A profound Iranian Muslim thinker, Ali Shariati, appreciated the feminist spirit of the prophet and told his students:

The Prophet of Islam, who was such an elevated personality and one before whom history is humbled, when he entered his home was kind, lenient and gentle. When his wives quarreled with him, he left his home and made a place for himself in the storage area without showing any harsh reaction against them. This behavior of the Prophet of Islam must be considered as an Islamic example, in contrast to the behavior of a supposedly religious, but in reality an abusive, man. Such un-Islamic, abusive behavior was based on an ethnic, cultural tradition. Therefore, distinctions should be drawn between ethnic, cultural customs and Islamic religious instructions. The Prophet's behavior was so humane that it amazes us.

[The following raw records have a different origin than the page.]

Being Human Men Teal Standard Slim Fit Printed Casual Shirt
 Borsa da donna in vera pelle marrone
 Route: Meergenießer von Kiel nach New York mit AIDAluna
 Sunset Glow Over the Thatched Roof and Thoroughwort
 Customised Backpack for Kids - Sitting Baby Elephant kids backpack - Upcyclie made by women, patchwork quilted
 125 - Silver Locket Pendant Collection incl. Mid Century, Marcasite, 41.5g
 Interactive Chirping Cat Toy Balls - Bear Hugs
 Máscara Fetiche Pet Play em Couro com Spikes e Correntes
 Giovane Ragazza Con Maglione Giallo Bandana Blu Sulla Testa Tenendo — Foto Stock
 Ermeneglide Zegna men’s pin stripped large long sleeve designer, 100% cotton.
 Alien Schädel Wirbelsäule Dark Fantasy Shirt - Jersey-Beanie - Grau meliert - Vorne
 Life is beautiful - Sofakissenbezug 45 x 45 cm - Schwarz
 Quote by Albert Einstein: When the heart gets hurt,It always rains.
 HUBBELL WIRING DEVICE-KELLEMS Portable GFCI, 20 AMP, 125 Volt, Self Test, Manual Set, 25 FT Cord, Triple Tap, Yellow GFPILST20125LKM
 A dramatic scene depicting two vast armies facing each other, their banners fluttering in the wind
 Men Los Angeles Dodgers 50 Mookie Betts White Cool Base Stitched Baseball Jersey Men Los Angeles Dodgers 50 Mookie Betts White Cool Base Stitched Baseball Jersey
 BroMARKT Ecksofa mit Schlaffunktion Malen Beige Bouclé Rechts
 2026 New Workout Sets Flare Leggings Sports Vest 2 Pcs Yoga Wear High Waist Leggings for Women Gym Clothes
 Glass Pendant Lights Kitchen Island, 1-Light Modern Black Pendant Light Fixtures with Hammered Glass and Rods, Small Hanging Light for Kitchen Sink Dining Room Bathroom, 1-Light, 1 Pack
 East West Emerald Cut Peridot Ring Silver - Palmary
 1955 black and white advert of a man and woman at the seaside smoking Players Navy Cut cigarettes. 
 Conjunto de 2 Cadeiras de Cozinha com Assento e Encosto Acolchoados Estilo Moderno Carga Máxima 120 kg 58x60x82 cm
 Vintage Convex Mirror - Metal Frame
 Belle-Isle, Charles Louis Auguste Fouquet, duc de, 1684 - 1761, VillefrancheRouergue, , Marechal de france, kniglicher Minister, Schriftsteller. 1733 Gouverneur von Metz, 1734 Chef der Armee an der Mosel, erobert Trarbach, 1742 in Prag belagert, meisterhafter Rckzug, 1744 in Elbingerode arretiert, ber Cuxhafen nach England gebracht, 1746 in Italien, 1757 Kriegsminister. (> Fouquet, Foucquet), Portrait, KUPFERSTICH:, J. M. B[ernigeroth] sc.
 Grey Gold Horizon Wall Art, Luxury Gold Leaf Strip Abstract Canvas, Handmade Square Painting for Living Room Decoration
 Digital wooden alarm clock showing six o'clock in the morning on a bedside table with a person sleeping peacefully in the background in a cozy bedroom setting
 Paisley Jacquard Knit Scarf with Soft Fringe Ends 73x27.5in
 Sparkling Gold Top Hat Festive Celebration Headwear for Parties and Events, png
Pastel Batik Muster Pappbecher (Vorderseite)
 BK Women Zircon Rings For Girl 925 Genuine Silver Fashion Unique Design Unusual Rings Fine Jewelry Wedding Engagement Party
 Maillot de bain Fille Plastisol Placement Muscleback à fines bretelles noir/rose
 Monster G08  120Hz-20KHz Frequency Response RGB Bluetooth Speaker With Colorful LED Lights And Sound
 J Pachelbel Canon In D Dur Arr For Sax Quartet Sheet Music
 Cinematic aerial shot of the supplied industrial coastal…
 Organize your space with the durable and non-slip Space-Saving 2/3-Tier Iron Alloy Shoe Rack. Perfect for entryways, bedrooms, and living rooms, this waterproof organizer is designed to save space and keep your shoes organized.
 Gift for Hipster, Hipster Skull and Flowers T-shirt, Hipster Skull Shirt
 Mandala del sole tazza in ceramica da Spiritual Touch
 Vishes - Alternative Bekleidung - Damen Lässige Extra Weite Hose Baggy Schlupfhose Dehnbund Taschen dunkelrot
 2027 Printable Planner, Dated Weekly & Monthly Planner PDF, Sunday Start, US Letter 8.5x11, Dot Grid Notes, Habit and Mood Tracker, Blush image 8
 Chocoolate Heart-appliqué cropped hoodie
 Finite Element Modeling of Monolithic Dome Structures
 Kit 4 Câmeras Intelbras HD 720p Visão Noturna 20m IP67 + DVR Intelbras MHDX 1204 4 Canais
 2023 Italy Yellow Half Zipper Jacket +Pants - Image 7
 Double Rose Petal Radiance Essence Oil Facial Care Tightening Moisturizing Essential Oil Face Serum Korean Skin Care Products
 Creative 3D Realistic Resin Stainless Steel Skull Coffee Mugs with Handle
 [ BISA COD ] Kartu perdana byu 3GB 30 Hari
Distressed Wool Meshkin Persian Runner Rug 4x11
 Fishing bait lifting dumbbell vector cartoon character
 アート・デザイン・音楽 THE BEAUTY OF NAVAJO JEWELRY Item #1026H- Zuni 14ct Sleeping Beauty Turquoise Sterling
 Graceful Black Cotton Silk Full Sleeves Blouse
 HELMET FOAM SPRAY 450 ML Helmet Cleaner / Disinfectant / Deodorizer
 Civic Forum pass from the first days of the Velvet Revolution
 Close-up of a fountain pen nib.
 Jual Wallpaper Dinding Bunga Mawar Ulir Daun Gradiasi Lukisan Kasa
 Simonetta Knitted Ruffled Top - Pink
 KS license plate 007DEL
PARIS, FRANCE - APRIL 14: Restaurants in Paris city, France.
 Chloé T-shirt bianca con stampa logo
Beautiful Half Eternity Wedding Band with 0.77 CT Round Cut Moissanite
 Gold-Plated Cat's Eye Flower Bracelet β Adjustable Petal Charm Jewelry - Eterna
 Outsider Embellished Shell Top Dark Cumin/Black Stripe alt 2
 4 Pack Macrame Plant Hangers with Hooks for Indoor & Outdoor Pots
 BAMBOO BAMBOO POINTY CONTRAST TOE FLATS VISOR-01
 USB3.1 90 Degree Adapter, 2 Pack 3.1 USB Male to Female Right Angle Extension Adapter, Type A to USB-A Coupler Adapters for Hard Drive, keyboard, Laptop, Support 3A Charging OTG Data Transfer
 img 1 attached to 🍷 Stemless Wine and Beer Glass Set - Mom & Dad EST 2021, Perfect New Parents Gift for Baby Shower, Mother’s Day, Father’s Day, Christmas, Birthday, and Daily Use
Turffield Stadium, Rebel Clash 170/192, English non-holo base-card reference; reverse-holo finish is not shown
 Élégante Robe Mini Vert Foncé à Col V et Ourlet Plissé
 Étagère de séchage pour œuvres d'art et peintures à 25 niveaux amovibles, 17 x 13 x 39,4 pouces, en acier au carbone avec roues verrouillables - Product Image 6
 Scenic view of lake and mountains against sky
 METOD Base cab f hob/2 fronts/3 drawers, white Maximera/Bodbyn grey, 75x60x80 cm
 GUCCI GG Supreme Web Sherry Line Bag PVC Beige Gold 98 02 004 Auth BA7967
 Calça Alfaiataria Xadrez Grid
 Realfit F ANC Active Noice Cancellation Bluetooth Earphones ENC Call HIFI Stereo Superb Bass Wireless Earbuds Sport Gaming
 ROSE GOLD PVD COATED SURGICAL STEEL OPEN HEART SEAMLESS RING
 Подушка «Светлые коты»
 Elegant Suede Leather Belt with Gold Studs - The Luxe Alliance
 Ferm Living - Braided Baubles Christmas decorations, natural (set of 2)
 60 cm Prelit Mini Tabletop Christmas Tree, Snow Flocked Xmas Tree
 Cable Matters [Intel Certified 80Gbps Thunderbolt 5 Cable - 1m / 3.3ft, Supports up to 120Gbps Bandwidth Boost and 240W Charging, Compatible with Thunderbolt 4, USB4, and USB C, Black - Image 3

I was reflecting on these lives in part because in Medina I was surrounded by reminders of the living history of Islam. The experience was having a profound impact on me, even though I had no idea where it would lead me. Muhammad turned to women as his political, spiritual, and religious advisers. He treated women as they should be treated. Like Jesus, he honored women. The legacy of male rule after the prophet's time was becoming clear to me: the spirit of Muhammad had been betrayed by centuries of men who instituted rules to protect their power. “The women of the first
ummah
in Medina took full part in its public life, and some, according to Arab custom, fought alongside the men in battle,” wrote Karen Armstrong in
Islam: A Short History
. “They did not seem to have experienced Islam as an oppressive religion, though later, as happened in Christianity, men would hijack the faith and bring it in line with the prevailing patriarchy.”

Being on the hajj, I thought about the role of women in the history of Islam. It made me sad to realize that people—most often men—had made up rules that not only defied logic but also were not theologically and religiously grounded. As women, we have to stay alert and refuse to be subject to the edicts that deny us our rights. As I was trying to reconcile my
identity as a Muslim, I couldn't help but think about the life of the prophet. In what I read about his life, I saw a respect for women's status that couldn't help but inspire me. And what I saw in Medina was much more in line with what I felt about being a Muslim woman.